ABSTRACT

The original intent of this project was to study an extracellular amylase produced by a halophilic bacterium isolated from an inland salt spring.  One isolate, RS6, was found to produce amylase using the starch-iodine assay.  However, the amylase from this microorganism was found to be insufficient to obtain quantitative measurements using several different assays.  In an attempt to increase the amylase activity, the cultural conditions were changed and various additives were added.  The attempts were unsuccessful in elevating amylase activity for characterization.

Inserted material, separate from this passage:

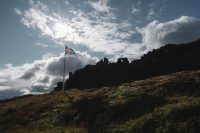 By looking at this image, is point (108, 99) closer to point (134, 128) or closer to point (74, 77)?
point (134, 128)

The starch-iodine assay was further developed to quantitate amylase activity on agar plates containing soluble and insoluble forms of starch, amylose and amylopectin, respectively.  However, it was noted that growth and amylase production of RS6 was inhibited on a growth medium containing soluble starch.  Upon investigation of the phenomenon using soluble starch from a different source and various monosaccharides and disaccharides, it was discovered that it was probably glucose and maltose contaminating the original soluble starch since both glucose and maltose, subunits of starch, severely inhibited the growth of RS6.  Further experiments demonstrated that glucose specifically inhibited the growth of RS6 since two other microorganisms were not affected by glucose in the medium.  RS6 mutants were isolated that grew very well on media containing glucose, suggesting that the inhibition of growth by glucose is due to a specific gene within the original RS6 isolate.

The mechanism for this unusual growth inhibition by a universal energy source for organisms remains to be determined.